EDIT: Updated with more information

I'm looking at getting a new PSU for my system which can be found here:



Motherboard: ASUSTeK SATA 6Gb/s DDR4

CPU: AMD Ryzen 5 1600 6-core processor

GPU: AMD Radeon RX 580

RAM: Single 8gb XPG ADATA DDR4 stick

Storage: 1 TB Hard Drive

PSU: Thermaltake 500W 80+

Cooling: Deep Cool brand fan mounted on the mobo that came with the PC

I have a 1080p monitor and typically like to play games like Fallout 4, Warframe, Dark Souls 3 and Star Wars Battlefront 2 on medium to high settings.

My current PSU is the Thermaltake 500W 80+ PSU it came with. I know I need a new one but I'm not sure how to best determine what's right for my build. I've looked at the Cooler Master PSU calculator but can't quite figure out how to fill in some of the information. I was wondering if anyone had any advice on how much wattage I need or be willing to help me figure out how to fill out this PSU calculator, as I'm unsure about some of the specific components it asks for information on.
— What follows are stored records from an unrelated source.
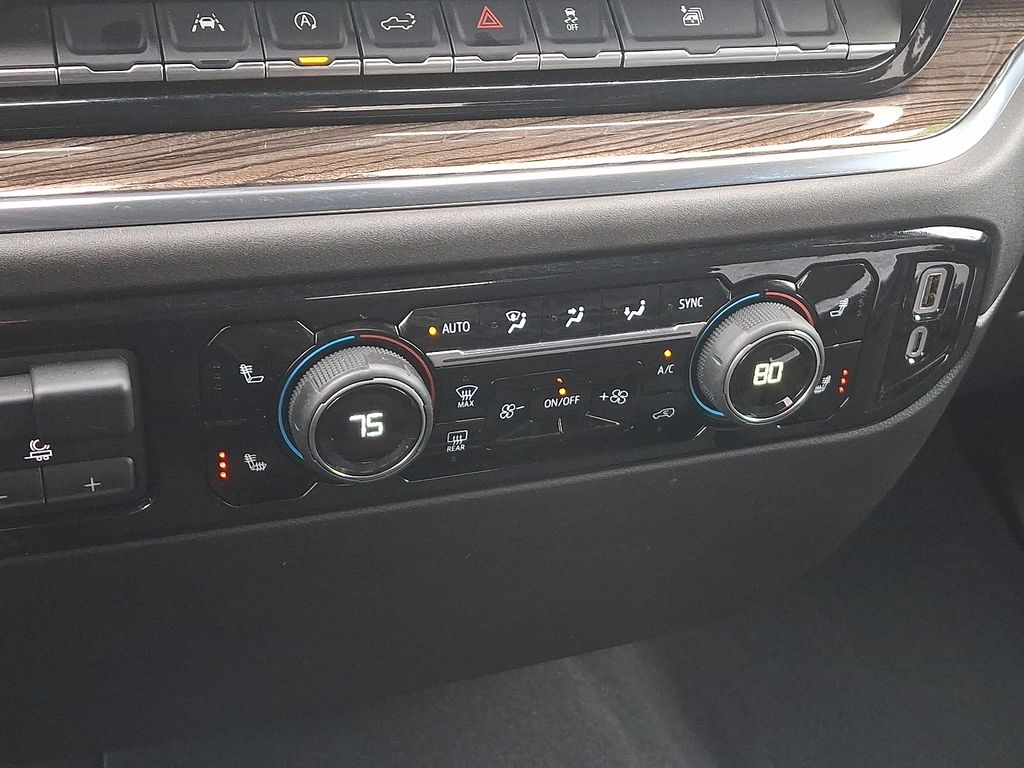 Thumbnail: 2025 Chevrolet Silverado 1500 - 16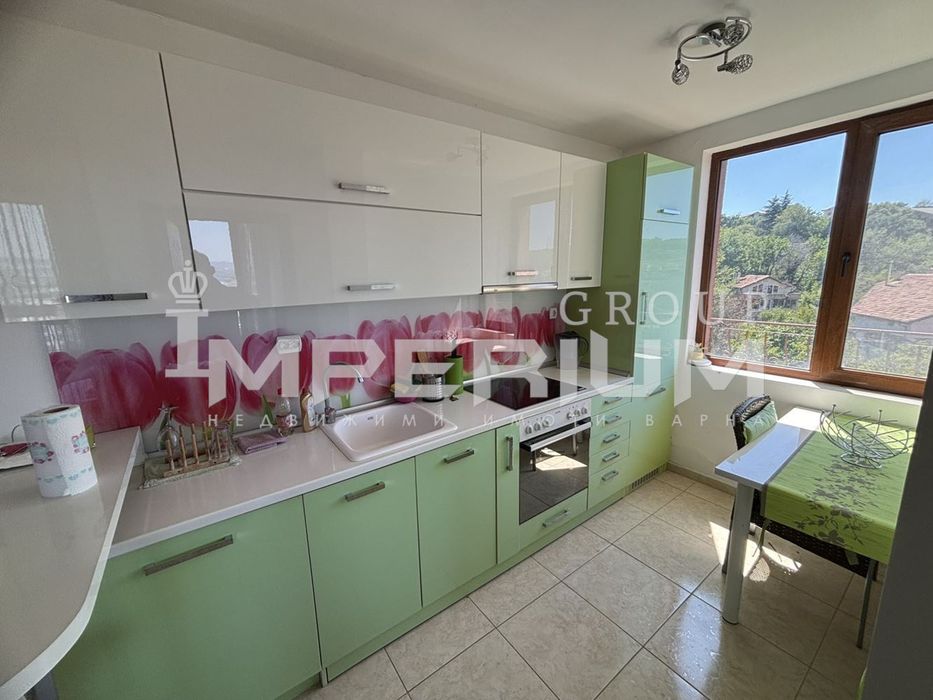 Дава се под наем Двустаен апартамент в Варна, м-т Зеленика - 100 кв.м за 408 € - Снимка #1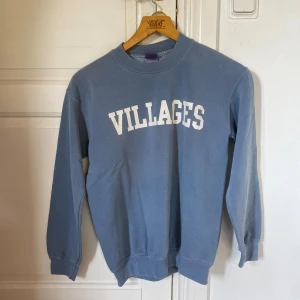 Vintage Crewneck  - Vintage Crewneck i grymt skick  Storlek S #grish #stockhomstil #backtoschool #fasion 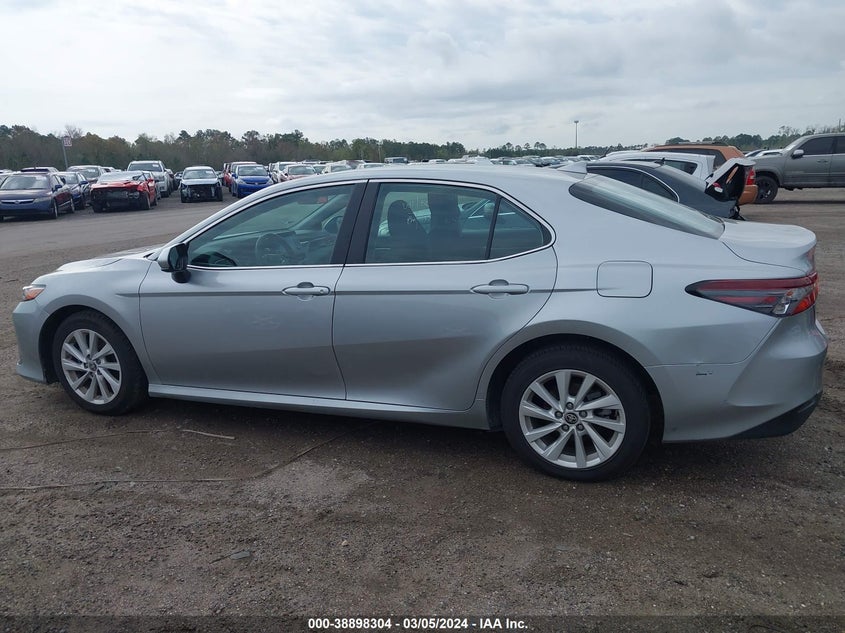 2022 TOYOTA CAMRY LE 4T1C11AK8NU666339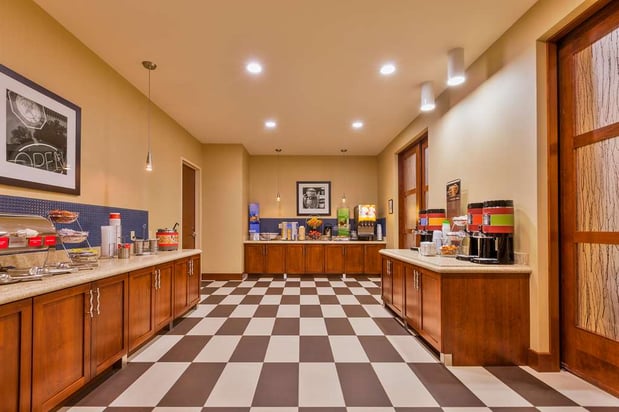 Images Hampton Inn & Suites Downtown Owensboro/Waterfront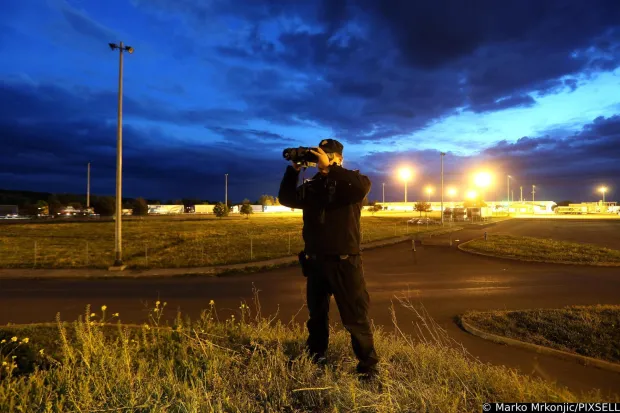 28.04.2015., Bajakovo - Carinski sluzbenici i granicna policija u obavljanju njihovog svakodnevnog posla. Pregled vozila i putovnica, obilazak terena u potrazi za ilegalnim prelascima granice te krijumcarenja nedozvoljene robe. Carinski sluzbenik nocnim dalekozorom promatra granicni prijelaz. Photo: Marko Mrkonjic/PIXSELL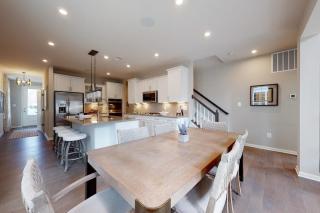 Bayside Resort -21408 Sweetwater Square - 4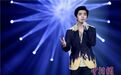 李健剑指"歌王"羽泉 童声合唱助阵《月光》引乡愁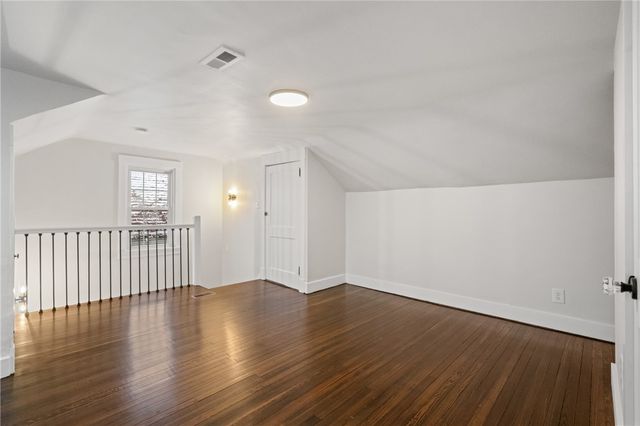 615 Woodbourne Ave, Brookline, PA 15226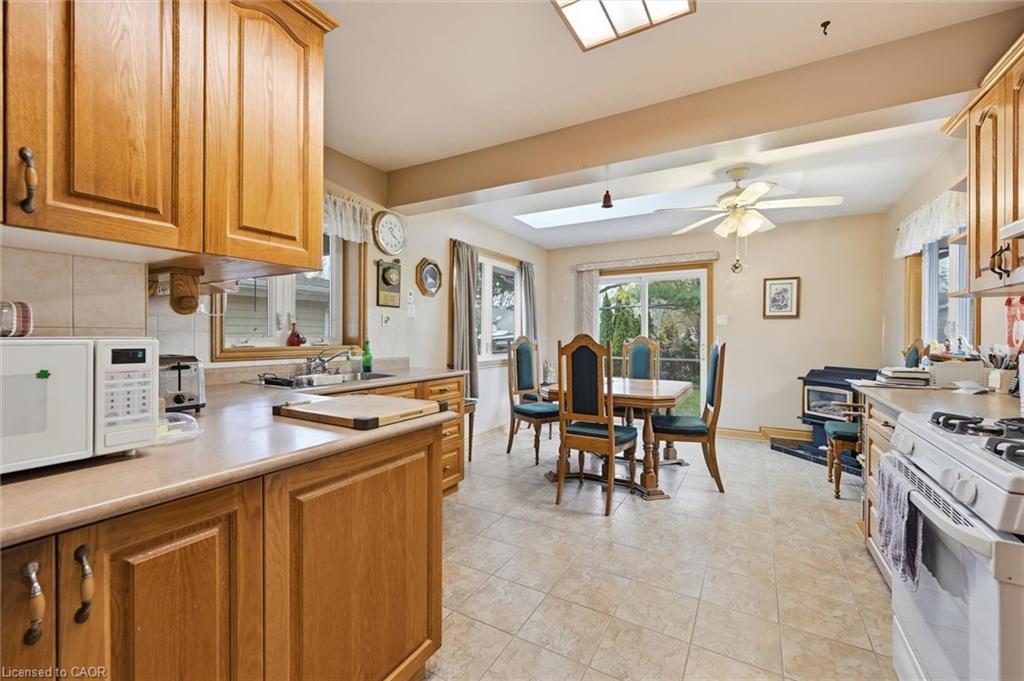 237 Mohawk Road, Oakville, ON - Indoor Photo Showing Kitchen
I'm not entirely sure if my current PSU is modular or not as I've not found much solid information on it, so I'm not sure what would be compatible with my system. I'm not sure how I would even tell, but I've been trying to read up on PSU's to figure out what I can. Again, any advice or recommendations are much appreciated.

Comments Sorted by:

Enrico411 2 points 1 month ago

A good 450W/550W psu would be more then enough. Also don't use psu calculators they are not really accurate.

In case you want to change to a new psu what is your budget for it?

redro_guy submitter 1 point 1 month ago

I'm alright to spend up to $60, maybe $80 max. I figure it's not worth upgrading if it isn't going to be a real good one. Thanks for the advice on the wattage.

Any recommendations for reputable quality PSU brands? I keep seeing SeaSsonic and Corsair CXM pop up... how are those?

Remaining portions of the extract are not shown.